Entre las creencias relacionadas con la brujería está la que prescribe como
eficaz antídoto contra una bruja echar de noche un gato muerto en la puerta de la
propia casa. La bruja se inclinará sobre el animal para contar sus pelos, tarea que la
tendrá ocupada hasta que aclare y entonces se la podrá atrapar. Parece ser un rasgo de
los amos de la noche la compulsión del recuento. También los vampiros al chupar la
sangre de sus víctimas se enfrascan en una tarea de, por así decirlo, saneamiento
profundo. Y muchos lectores se comportan igual. Aunque no les guste el libro que
están leyendo no lo sueltan hasta acabarlo. No tienen en la mano un libro sino un gato
muerto, y no pueden librarse de su hechizo. Cuentan cada una de sus malditas
palabras, víctimas de la misma compulsión totalizadora que comparten brujas y
vampiros. Lo cual no es extraño, siendo la lectura una actividad fundamentalmente
nocturna, aunque se haga de día.
Me escribe con frecuencia una persona que firma con el nombre del
protagonista de una famosa novela.
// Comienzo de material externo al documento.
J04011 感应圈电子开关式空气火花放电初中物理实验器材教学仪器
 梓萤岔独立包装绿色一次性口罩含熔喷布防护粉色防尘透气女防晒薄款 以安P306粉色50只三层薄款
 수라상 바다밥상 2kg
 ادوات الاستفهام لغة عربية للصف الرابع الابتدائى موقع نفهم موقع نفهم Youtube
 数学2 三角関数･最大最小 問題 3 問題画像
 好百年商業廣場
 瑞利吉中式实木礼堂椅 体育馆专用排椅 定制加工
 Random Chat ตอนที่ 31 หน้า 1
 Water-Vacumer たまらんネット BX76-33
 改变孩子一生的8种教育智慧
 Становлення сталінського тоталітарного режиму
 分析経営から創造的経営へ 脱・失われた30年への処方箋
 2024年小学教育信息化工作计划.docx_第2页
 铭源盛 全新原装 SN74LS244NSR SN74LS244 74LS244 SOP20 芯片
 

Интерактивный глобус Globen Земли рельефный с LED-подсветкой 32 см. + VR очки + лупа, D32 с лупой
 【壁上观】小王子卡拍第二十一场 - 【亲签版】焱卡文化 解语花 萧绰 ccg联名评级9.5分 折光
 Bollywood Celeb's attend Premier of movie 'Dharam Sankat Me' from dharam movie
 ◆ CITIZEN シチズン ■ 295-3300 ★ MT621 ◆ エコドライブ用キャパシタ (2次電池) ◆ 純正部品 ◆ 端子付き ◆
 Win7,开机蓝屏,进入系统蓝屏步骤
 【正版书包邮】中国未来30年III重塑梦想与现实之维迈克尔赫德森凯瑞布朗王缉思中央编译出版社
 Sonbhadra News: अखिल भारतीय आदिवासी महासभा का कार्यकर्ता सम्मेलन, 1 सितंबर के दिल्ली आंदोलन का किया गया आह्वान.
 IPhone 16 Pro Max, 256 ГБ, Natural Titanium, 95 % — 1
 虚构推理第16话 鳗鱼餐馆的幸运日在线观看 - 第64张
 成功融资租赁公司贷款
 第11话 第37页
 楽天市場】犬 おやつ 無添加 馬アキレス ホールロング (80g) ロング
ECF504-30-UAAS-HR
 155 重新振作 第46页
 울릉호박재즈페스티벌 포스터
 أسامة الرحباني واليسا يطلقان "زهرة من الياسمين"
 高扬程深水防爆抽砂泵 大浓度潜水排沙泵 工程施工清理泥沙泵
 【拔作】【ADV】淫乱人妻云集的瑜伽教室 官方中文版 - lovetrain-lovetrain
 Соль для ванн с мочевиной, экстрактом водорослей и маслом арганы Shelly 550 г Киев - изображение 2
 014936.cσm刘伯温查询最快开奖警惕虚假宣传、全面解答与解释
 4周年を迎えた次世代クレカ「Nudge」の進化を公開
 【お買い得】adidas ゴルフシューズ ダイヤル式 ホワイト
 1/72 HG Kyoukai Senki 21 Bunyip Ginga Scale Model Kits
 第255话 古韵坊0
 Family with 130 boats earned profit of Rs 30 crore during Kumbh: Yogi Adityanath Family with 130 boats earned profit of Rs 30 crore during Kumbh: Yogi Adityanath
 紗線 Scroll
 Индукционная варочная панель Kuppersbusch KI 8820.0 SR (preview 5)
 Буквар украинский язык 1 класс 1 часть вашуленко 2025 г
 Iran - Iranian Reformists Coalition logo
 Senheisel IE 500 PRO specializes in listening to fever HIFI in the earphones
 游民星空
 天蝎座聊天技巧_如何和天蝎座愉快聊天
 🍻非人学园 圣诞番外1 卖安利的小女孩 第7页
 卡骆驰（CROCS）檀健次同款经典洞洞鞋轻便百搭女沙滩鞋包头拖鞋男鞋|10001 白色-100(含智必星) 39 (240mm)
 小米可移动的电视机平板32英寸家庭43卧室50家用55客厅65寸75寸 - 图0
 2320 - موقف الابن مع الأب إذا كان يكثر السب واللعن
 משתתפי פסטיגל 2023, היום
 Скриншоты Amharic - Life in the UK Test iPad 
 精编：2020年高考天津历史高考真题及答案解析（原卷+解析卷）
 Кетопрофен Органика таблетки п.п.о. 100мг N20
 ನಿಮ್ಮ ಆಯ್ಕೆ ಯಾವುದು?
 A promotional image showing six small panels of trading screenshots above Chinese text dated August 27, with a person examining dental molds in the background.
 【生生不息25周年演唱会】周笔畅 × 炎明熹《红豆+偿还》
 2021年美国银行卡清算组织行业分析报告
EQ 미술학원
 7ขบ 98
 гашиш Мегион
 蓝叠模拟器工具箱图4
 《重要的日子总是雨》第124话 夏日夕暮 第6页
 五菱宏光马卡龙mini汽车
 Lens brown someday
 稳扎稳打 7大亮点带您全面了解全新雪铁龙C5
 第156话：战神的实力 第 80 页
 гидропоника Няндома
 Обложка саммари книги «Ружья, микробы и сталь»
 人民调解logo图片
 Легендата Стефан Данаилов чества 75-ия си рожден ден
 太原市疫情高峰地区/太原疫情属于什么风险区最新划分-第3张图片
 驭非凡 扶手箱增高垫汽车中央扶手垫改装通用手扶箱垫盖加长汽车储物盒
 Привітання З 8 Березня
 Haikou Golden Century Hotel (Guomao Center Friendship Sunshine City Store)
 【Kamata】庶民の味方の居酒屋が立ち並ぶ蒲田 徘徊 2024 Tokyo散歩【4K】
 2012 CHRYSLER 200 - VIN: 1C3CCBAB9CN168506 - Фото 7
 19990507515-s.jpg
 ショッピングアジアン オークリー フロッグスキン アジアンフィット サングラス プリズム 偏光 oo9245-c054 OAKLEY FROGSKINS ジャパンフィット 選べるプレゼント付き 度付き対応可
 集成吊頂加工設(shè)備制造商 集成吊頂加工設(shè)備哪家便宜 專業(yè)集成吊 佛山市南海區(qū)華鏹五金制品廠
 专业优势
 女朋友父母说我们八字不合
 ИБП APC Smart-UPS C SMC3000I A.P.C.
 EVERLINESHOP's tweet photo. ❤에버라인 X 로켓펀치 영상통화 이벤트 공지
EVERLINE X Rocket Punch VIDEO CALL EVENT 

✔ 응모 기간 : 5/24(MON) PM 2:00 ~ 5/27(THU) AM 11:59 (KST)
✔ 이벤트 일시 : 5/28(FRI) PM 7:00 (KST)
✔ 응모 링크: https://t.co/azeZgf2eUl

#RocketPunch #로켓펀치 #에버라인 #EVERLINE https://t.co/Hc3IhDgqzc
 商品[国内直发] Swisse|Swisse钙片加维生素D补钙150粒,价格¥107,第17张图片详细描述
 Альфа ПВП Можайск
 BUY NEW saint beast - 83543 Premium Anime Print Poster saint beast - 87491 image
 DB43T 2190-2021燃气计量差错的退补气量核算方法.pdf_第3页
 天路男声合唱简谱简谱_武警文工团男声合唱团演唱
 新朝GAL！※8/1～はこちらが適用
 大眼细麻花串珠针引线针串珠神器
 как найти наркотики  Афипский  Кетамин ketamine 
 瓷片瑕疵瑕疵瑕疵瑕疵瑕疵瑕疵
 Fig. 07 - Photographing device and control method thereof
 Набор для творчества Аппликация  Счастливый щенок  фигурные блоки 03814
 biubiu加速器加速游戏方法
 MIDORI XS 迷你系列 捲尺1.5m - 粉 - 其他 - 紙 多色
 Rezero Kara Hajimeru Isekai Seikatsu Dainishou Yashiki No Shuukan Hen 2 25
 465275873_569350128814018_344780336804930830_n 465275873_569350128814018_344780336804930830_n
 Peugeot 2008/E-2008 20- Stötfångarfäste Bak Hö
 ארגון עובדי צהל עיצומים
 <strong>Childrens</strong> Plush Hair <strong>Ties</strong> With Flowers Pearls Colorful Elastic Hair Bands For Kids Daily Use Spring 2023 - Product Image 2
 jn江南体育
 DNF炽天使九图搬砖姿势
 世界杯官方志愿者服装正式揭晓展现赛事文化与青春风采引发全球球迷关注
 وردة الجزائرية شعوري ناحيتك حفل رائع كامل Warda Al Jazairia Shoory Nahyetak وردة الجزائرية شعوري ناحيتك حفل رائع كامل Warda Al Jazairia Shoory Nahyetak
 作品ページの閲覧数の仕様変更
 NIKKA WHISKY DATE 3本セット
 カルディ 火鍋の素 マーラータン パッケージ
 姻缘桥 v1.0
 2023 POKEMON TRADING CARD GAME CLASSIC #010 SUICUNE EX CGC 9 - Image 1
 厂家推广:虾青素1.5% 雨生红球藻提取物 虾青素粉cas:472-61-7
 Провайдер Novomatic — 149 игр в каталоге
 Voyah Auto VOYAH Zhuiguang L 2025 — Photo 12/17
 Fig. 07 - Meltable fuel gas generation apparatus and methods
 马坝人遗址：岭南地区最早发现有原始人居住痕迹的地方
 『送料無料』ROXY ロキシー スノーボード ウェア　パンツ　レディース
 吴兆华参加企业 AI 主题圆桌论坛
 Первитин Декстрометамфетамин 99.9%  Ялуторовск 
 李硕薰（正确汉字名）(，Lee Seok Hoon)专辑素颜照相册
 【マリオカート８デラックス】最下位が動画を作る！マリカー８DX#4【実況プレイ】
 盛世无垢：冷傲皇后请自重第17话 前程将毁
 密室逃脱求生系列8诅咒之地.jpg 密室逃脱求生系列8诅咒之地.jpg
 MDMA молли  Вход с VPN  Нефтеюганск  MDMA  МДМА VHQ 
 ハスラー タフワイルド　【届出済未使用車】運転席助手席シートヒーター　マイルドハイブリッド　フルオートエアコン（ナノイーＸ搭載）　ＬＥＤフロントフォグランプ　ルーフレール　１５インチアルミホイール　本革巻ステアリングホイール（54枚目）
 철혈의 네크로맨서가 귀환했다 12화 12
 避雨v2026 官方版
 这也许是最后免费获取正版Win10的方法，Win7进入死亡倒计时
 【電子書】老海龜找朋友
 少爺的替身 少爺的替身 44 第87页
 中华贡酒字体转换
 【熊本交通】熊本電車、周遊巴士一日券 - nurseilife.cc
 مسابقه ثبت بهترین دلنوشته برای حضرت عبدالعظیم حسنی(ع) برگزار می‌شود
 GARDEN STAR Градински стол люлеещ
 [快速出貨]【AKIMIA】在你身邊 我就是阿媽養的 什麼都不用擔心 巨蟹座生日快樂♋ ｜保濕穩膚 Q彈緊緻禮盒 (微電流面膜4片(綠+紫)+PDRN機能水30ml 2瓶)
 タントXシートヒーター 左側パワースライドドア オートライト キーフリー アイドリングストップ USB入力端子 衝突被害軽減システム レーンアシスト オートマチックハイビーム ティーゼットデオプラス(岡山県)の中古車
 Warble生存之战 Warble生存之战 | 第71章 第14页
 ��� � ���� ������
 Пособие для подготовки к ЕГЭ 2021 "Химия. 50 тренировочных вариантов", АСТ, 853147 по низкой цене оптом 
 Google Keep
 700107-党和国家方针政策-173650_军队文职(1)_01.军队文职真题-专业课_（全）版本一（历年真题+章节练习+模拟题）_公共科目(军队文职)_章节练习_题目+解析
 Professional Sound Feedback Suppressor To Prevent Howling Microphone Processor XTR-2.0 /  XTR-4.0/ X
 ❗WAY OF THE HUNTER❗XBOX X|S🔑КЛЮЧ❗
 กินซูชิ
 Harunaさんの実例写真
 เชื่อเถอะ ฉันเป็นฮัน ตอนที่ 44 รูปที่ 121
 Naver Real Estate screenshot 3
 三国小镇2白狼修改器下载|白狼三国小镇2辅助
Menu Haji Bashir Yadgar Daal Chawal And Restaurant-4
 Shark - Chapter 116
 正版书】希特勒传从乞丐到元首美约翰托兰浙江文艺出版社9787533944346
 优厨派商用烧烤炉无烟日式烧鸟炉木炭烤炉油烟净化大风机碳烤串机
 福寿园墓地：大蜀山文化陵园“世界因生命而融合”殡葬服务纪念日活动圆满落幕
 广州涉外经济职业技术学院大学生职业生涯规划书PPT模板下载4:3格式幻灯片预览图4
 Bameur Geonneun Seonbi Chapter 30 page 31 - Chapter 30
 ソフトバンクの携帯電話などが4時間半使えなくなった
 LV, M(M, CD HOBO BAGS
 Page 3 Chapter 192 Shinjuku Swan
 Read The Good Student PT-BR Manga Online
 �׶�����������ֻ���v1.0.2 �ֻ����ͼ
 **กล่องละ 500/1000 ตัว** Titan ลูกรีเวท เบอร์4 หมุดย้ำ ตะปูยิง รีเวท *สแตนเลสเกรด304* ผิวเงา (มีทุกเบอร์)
Muy bien escritos, sus correos delatan a alguien
culto e inteligente, y no he sentido la necesidad de preguntarle su nombre real, ya que
la calidad de lo que escribe compensa el que oculte su identidad. Al fin y al cabo
escribe desde un anonimato inocuo, que no utiliza para difamar a nadie ni para
pedirme favores. Podría perfectamente firmar con su nombre lo que escribe y, sin
embargo, por alguna razón, prefiere usar un pseudónimo. ¿Tendrá un nombre
ridículo? Creo más bien que tiene miedo de escribir, porque teme exponerse a las
críticas, empezando por las suyas propias, así que ha optado por escribir a medias,
utilizando una identidad ficticia. Si fracasa, no habrá fracasado él sino su yo postizo.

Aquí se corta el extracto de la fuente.